I've been using a guide for a XP-buy system to help keep the encounters at least on the more "worrysome" side so they can't just charge in at everything.

The problem is their odd party makeup.
The party is all 9th level.

Here's the list of players/how they're playing:

Players/Playstyles:

1. Cartomancer Witch - Effectively acting healer of the party. with very little combat-prepared spells, so she's very limited on her buffing as she wants to be more prepared for the RP/other segments of the game. It makes out of combat interesting but she's effectively just throwing heals for most of the time, sometimes choosing to do nothing for her turn.

2. Paladin - Some sort of order or archetype that lets him focus on aberrations which is a sort-of focus of this campaign which basically makes him off-healer and #1 damage dealer with his Adamantine scythe.

3. Orc Armor Master Fighter - mentioning the race on this on as basically he has all the strength in the world along with DR, a tower shield, a bastard sword, and 33 AC (touch of course in the toilet).

4. Martial Artist Monk - He's pre-unchained and doesn't want to change to new as he likes being chaotic good (matrial artist removing the alignment requirment). He uses weapon finesse and wants to get a agile amulet of mighty fists or whatever so he can do better damage. Right now he has the Pummeling style/pummeling charge stuff. He's the bad player who forgets most of his abilities (never uses stunning fist/has the bleeding strike feat and never tells me during combat that he has a bleed added to his unarmed strikes so it slips my mind). So basically he can manage to get into his style,
use it and use exploit weakness.

5. Sylph Gunslinger Pistolero - Uses a revolver, and now can fly.
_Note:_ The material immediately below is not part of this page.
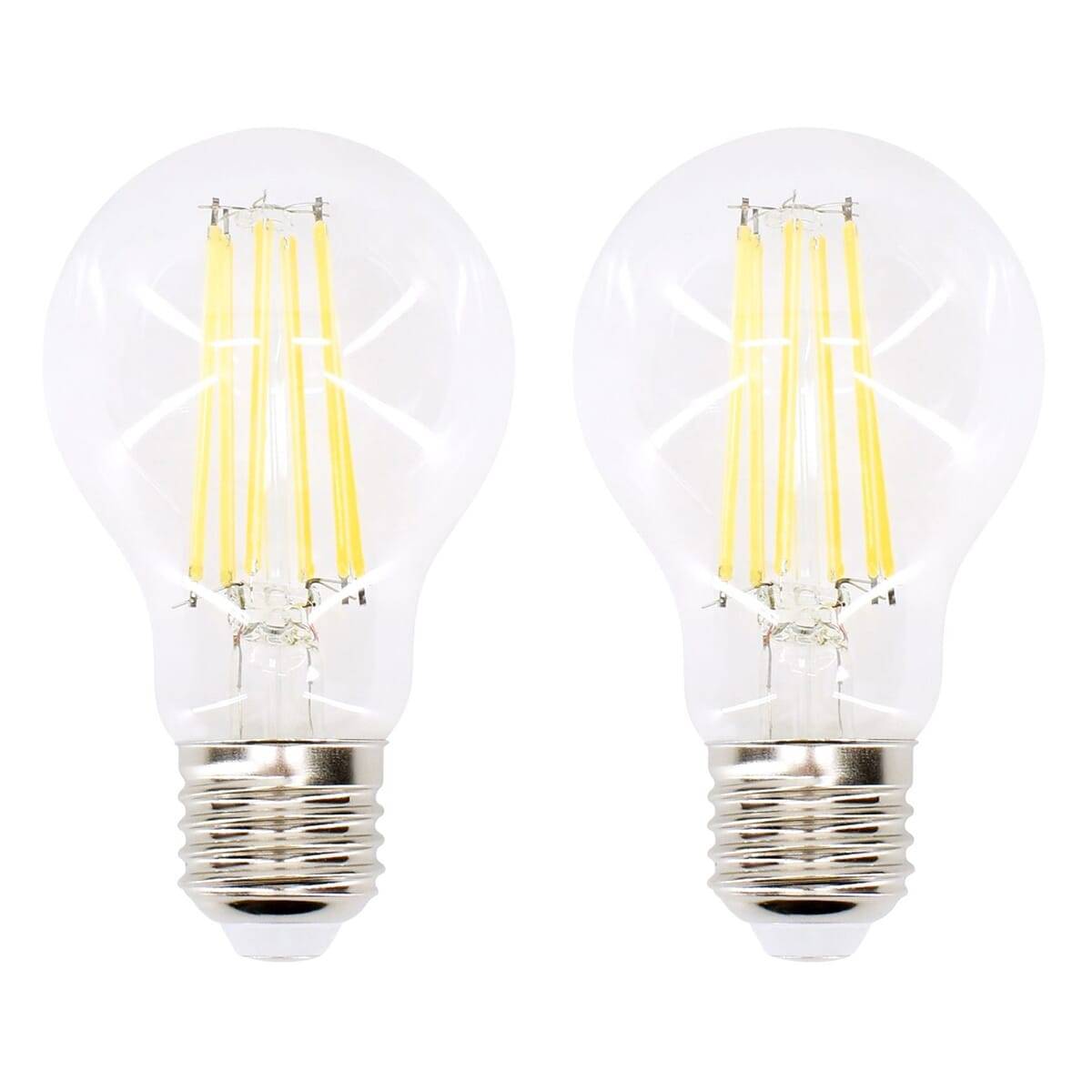 Bemko LED Peerlamp A60 E27 Helder - 12W 440lm 2700K - Extra Warmwit - Vervangt 100W - 2 stuks-0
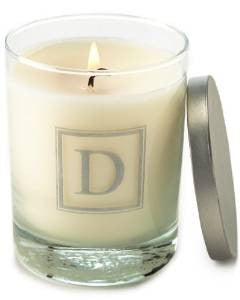 personalized glass soy candle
6. The...Samurai/Monk Merfolk - Yes... he's the "special" one of the group. Took the alternative trait to get slightly more land speed and dropped just enough levels into master of many styles monk to get Archon style. Dumped everything into constitution which only offsets his terrible Hit dice rolls. He's a standard samurai, but asked to use a snapping turtle as a mount. I approved it but said he still had to be able to ride it meaning he can't ride one until he's 7 levels in samurai (currently 6 with 3 in monk).
So he's a bit more underpowered right now. In addition to that he has terrible to-hit and choses to use combat expertise to be extra tanky. That said thats to combo with archon style so he can redirect attacks and grant AoO.

So now referring to them by number:

6 is the most strategic, 4 being the most simplistic. 1 is a very weak healer due to the limits of healing hex and not preparing much else spell-wise. 2 is best damage when a appropriate opponent is near, 3 can just take a beating forever.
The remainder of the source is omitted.